"Mesmo o acúmulo de
processos no Supremo – que não é apenas corte constitucional, mas é
chamado a decidir sobre praticamente tudo, inclusive questões penais –
não justifica que as acusações contra políticos sejam tratadas desta
forma". Editorial da Gazeta do Povo:
Nos últimos dois
meses, o Supremo Tribunal Federal deu mais razões para a prerrogativa de
foro – a regra pela qual detentores de certos cargos, eleitos ou por
nomeação, sejam julgados apenas pelos tribunais superiores,
especialmente o STF – seja realmente chamada pelo seu nome popular,
“foro privilegiado”. O privilégio, no caso, é o de escapar das mãos da
Justiça.
Em fevereiro, o
ministro Marco Aurélio Mello mandou arquivar, a pedido da
Procuradoria-Geral da República, um inquérito contra o senador Romero
Jucá (MDB-RR) – aquele do “grande acordo nacional, com Supremo, com
tudo” – em que ele era investigado por desvio de recursos públicos: Jucá
teria recebido comissão por obras realizadas entre 1999 e 2001 no
município de Cantá. Como o crime de peculato pode render um máximo de 12
anos de prisão, a prescrição ocorre em 16 anos depois do cometimento do
crime, de acordo com o artigo 109 do Código Penal. Ou seja, o crime
prescreveu e, diante disso, não restava mais nada a fazer a não ser a
solicitação de arquivamento pela PGR e a aceitação do pedido por Marco
Aurélio.
A prescrição
significa que o Estado abriu mão da sua pretensão de punir, por pura
lentidão. No caso de Jucá, o Supremo recebeu o pedido de investigação em
abril de 2004. Em todos esses anos, a corte foi incapaz de conduzir o
processo de modo que Jucá acabasse julgado pelos crimes de que era
suspeito. O dano causado pela prescrição é tamanho que foi apontado até
pela defesa de Jucá. “Em vez de afirmar a inocência, infelizmente fica a
história que foi por prescrição”, disse o advogado Antônio Carlos de
Almeida Castro, o Kakay.
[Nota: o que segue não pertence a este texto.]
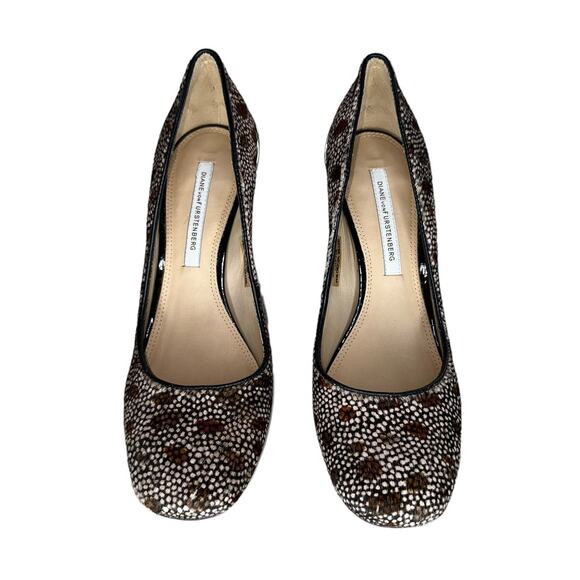 Diane Von Furstenberg Vintage Real Calf Fur Animal Print Block Heel Pumps Sz 7 - Picture 4 of 12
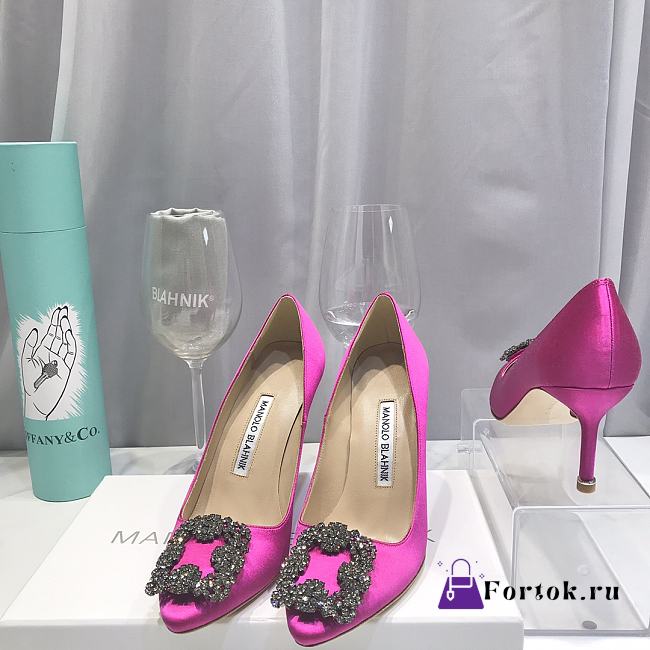 Manolo Blahnik Pink High Heels Diamond Buckle - 1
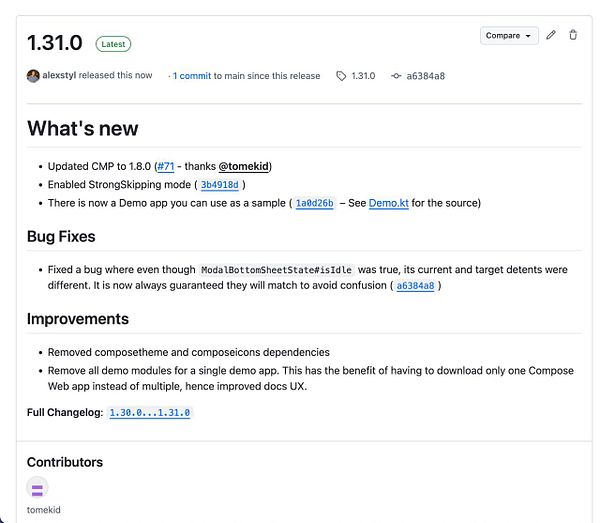 The image displays a GitHub release note for version 1.31.0 of a software project.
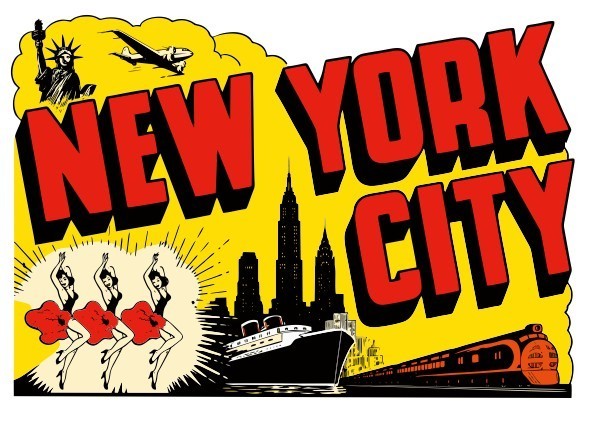New York City Vintage Style Sticker Decal R8548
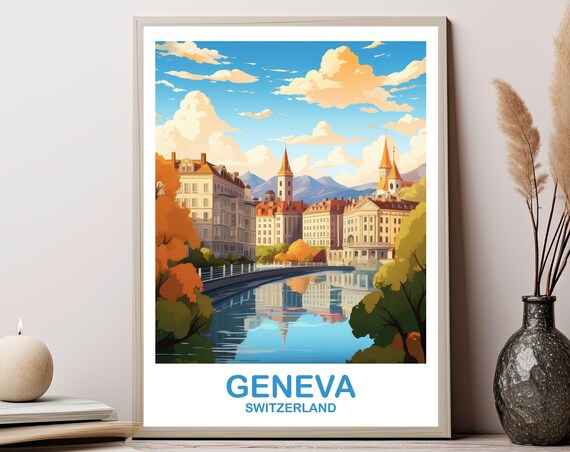 Geneva Travel Wall Art Switzerland Poster City Skyline Sunset T2euswge1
De fato: é mais evidente o estrago que a
prescrição causa quando o acusado é realmente culpado, porque se
consagra a impunidade, mas, se o suspeito for inocente, a prescrição não
retira a dúvida que fica pairando sobre sua conduta e que talvez jamais
seja sanada diante da opinião pública.
Na última
terça-feira, dia 17, foi a vez de o ministro Celso de Mello mandar
arquivar um outro processo, desta vez envolvendo o deputado Flaviano
Melo (MDB-AC). Este caso estava em um estágio bem mais avançado que o de
Jucá, pois Melo, acusado de participar de um esquema de desvio com
funcionários do Banco do Brasil entre 1988 e 1990, quando era governador
do Acre, tinha se tornado réu em 2002 – cinco anos depois, com sua
eleição para a Câmara, o processo subiu para o Supremo, onde ficou nas
mãos de Mello por dez anos sem que fosse julgado, apesar dos insistentes
pedidos da PGR e do fato de o processo estar concluído (ou seja, as
alegações finais da acusação e da defesa já tinham sido feitas) desde 26
de maio de 2008.
Também diferentemente
do caso de Jucá, o crime de que Melo era acusado ainda não tinha
prescrito, mas isso estava prestes a acontecer, em junho deste ano.
Celso de Mello alegou que a denúncia era “genérica” e que não havia
“justa causa” para a continuação do processo, motivo pelo qual ele
deveria ser arquivado. Mas o relator não explicou por que levou quase
dez anos para chegar a uma conclusão aparentemente tão simples. A PGR
ainda pode recorrer do arquivamento, mas a essa altura já é o caso de
perguntar de que serviria prolongar um desfecho que se mostra
inevitável.
Esses dois casos
mostram como a Justiça pode falhar porque tarda. Mesmo o acúmulo de
processos no Supremo – que não é apenas corte constitucional, mas é
chamado a decidir sobre praticamente tudo, inclusive questões penais –
não justifica que as acusações contra políticos sejam tratadas desta
forma. Ao ver o “não desfecho” do inquérito contra Jucá e do processo de
Flaviano Melo, o brasileiro teme por fim semelhante nos processos da
Lava Jato que envolvem políticos com foro privilegiado – e cujo revisor é
justamente Celso de Mello, que tão duro havia sido com os acusados do
mensalão, tendo proferido alguns dos votos mais enfáticos na descrição
do esquema como um “projeto criminoso de poder”. Que os ministros do
Supremo percebam e retifiquem o quanto antes essas atitudes que
transformam a corte em um buraco negro no qual as acusações contra
poderosos acabam sugadas e jamais voltam à luz.